[Task statement] Return nothing but the lines from the one with "IA license plate ASI618" through the one with "HI Luxury Rentals website homepage" in the data below, word for word and without pictures.

[Task material]
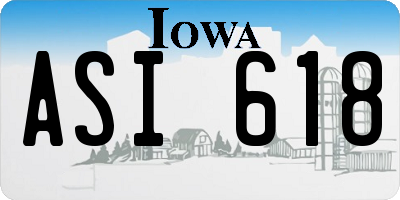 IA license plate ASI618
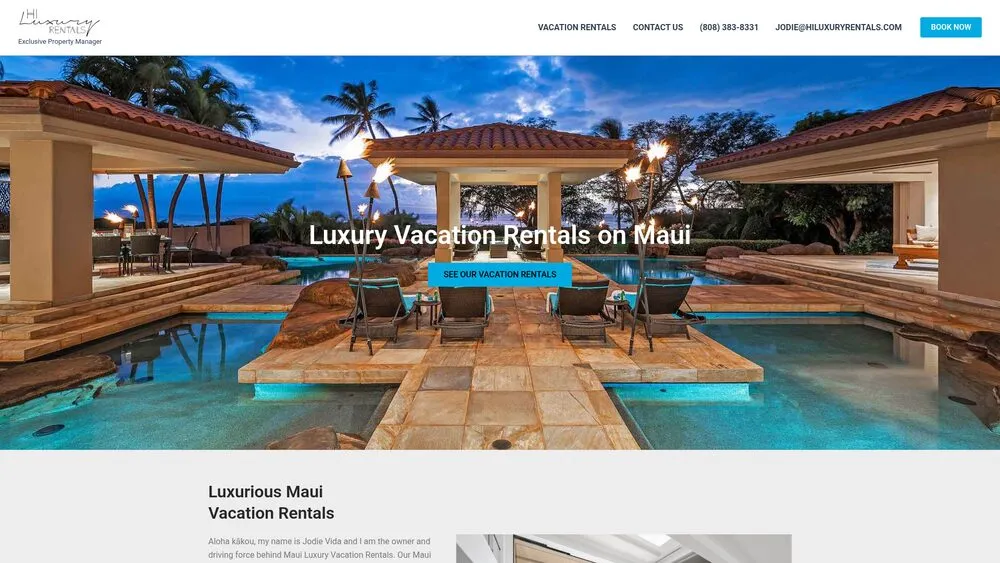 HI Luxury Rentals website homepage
* * *
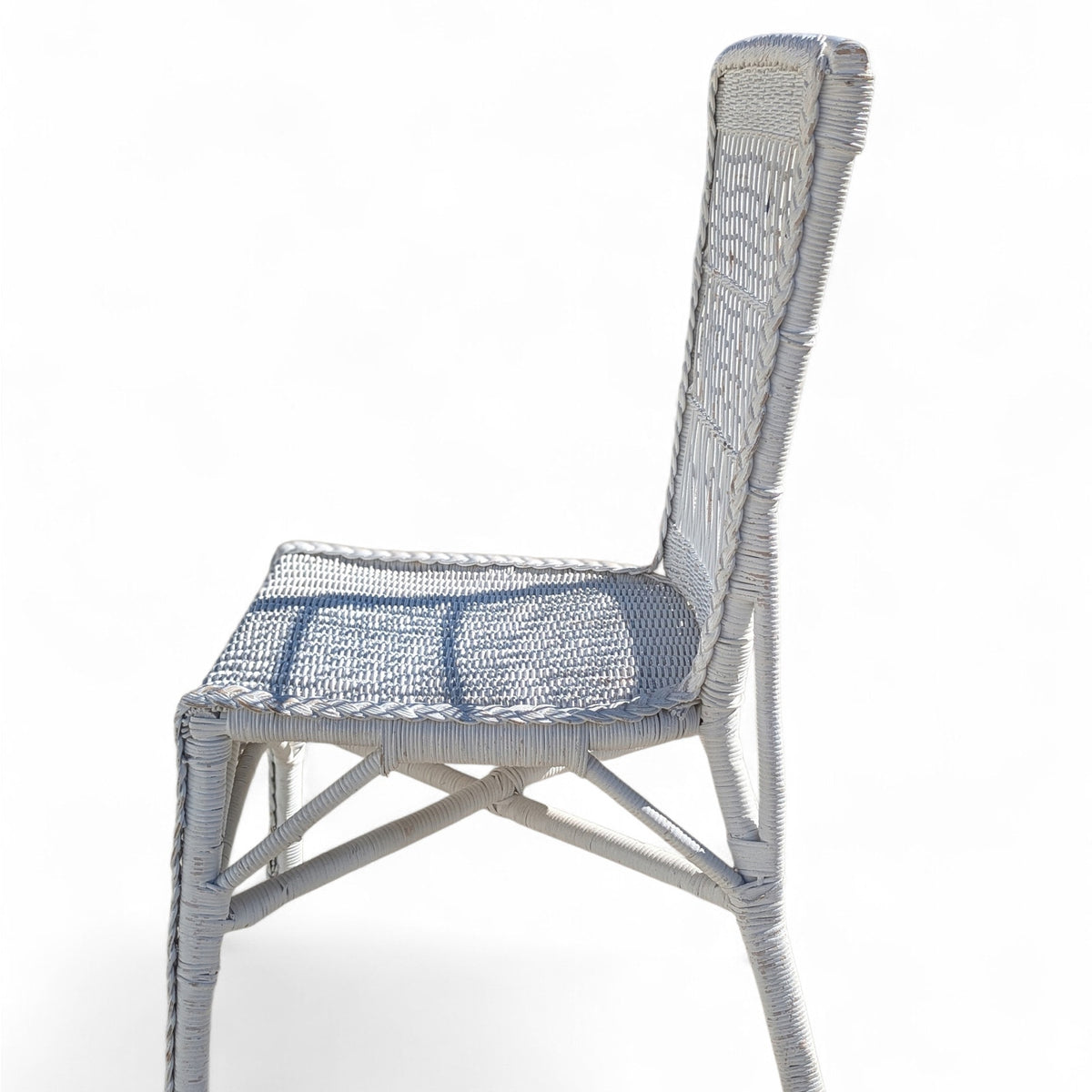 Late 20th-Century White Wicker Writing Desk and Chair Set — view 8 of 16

[Response to this exercise]
 IA license plate ASI618
 HI Luxury Rentals website homepage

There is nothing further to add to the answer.